Those of you who have been around here a while may recall that a couple of years ago I became treasurer of our church cemetery, aka the Crypt Keeper. There’s a surprising amount of work involved in keeping a cemetery going. We have a couple of guys who go above and beyond the call of duty to make sure the place runs smoothly, but they can’t do everything. We have professionals mow the grass and the expense of having that done every week in season is the bane of my financial existence. It can’t be helped. Few mourners want their loved ones laid to rest somewhere they’d need a machete to visit. To accomplish the one-thousand-and-one other chores that must be done, however, we rely on parishioner volunteers to come out and help on our annual cemetery clean-up day. That fun event took place recently.

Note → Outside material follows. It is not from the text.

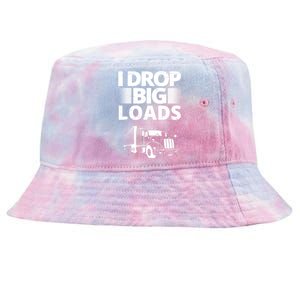 I Drop Big Loads Funny Truck Driver Gift Tie-Dyed Bucket Hat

The volunteers deserved double blessings this year since it was hot enough out there to fry an egg on Great Aunt Fanny’s tombstone. In case that wouldn’t have been, you know, rather tacky. Actually, it would be downright weird. But I digress… Our sexton must consult Poor Richards Almanac, star charts and the Psychic Network so he can schedule clean-up day for the hottest day of the year. There’s no way it’s merely coincidence that that’s what it lands on every, single year.
I started out pulling weeds and rubbing Armor All on the big, plastic letters on the sign out front. After that, red as a lobster and drooping like grocery store roses the minute you get them home, I picked a job in the shed. There I found shade and, miracle of miracles, a fan. I also found rolls of rugs leaning in the corner like it was Ali Baba’s Rug Bazaar.

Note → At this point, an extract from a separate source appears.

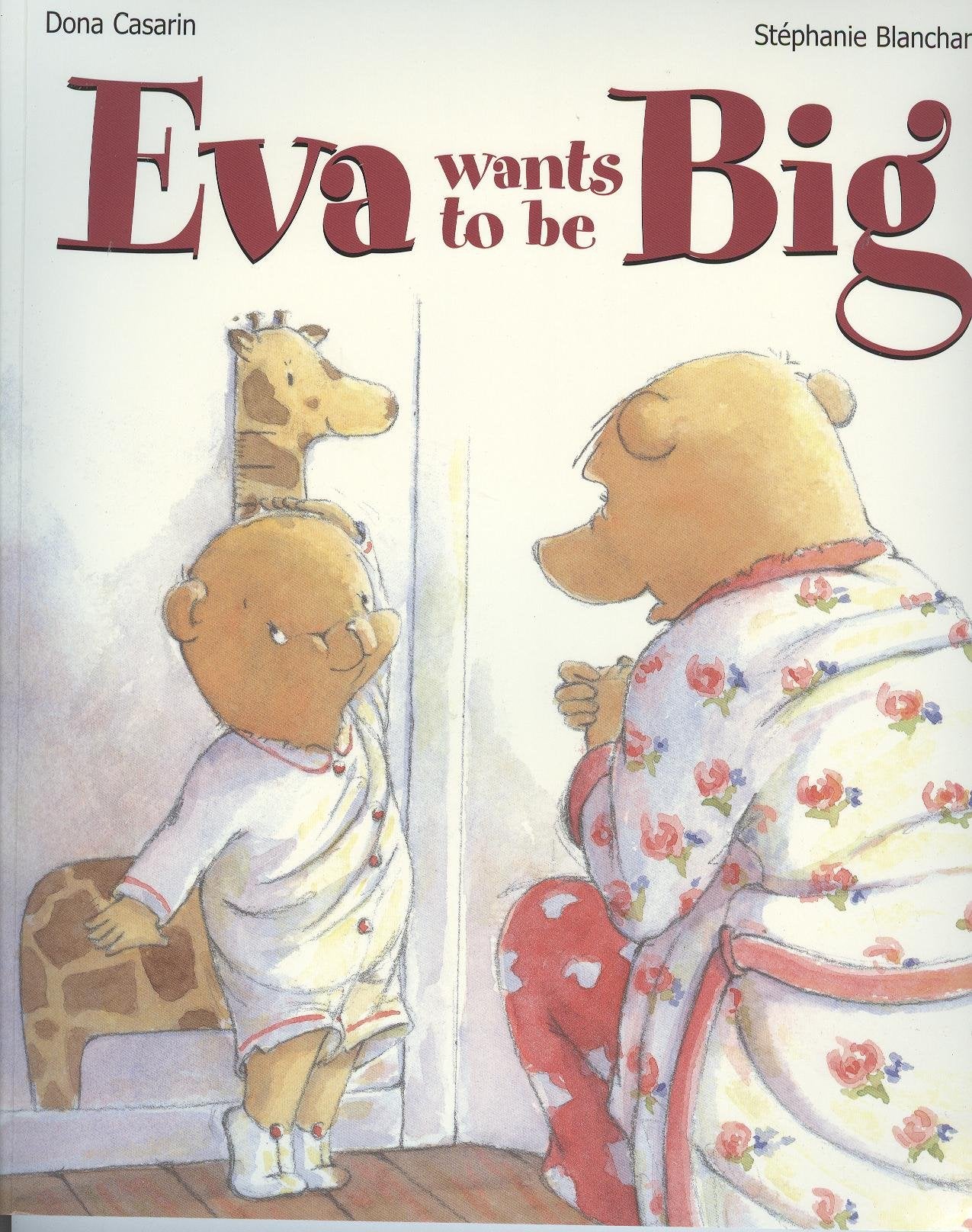 EVA WANTS TO BE BIG book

They were bright, green area rugs made of AstroTurf. You’ve probably seen these if you’ve ever been to a graveside service. They’re laid over muddy spots in the ground so it’s easier for people to walk to the grave-site. They’re also used to cover the grave, which workers dig ahead of time.
I unrolled the rugs one by one, got down on my hands and knees and brushed them with a stiff bristle brush to remove the caked-on mud and grass. Then I took them outside to shake and vacuum before rolling them back up and returning them to the corner, ready for their next appearance. I was cogitating while I was agitating.
We veil the hole in the ground because that opening is a tough pit for most of us to look in.
It’s tough in that moment because someone we care about is gone, and death makes us sad. It may be natural and expected if the deceased lived a good, long life, but we still grieve because we’re going to miss them. If the person was young, or their passing was sudden or traumatic, the sadness of death can be almost unbearable.
Thinking about the dearly departed isn’t the only thing that bothers us when we look into an open grave, though. That hole in the ground reminds us that this fate awaits every one of us. As Shakespeare so elegantly said:
Out, out, brief candle!
Life’s but a walking shadow, a poor player
That struts and frets his hour upon the stage
And then is heard no more.
Translation: Ain’t none of us getting out of this gig alive.
Most of us don’t like to think about this fact very much – I certainly don’t. Death is the ultimate question. It is THE big unknown and that makes the whole process rather scary. When those fears strike me, I remind myself that this passage, this death, is a natural and inevitable part of life. And if you believe in a merciful God, then eternal life with Him awaits us at the journey’s end.
It’s a matter of perspective. Some look down at that green rug and see only the muddy remnants of sorrowful footsteps. But the faithful see a magic carpet which will lift us up, soaring, on the ride of our lives.
This post is dedicated to heaven’s newest angel, my dear cousin, Moe. Fly high, sweetie. Soar!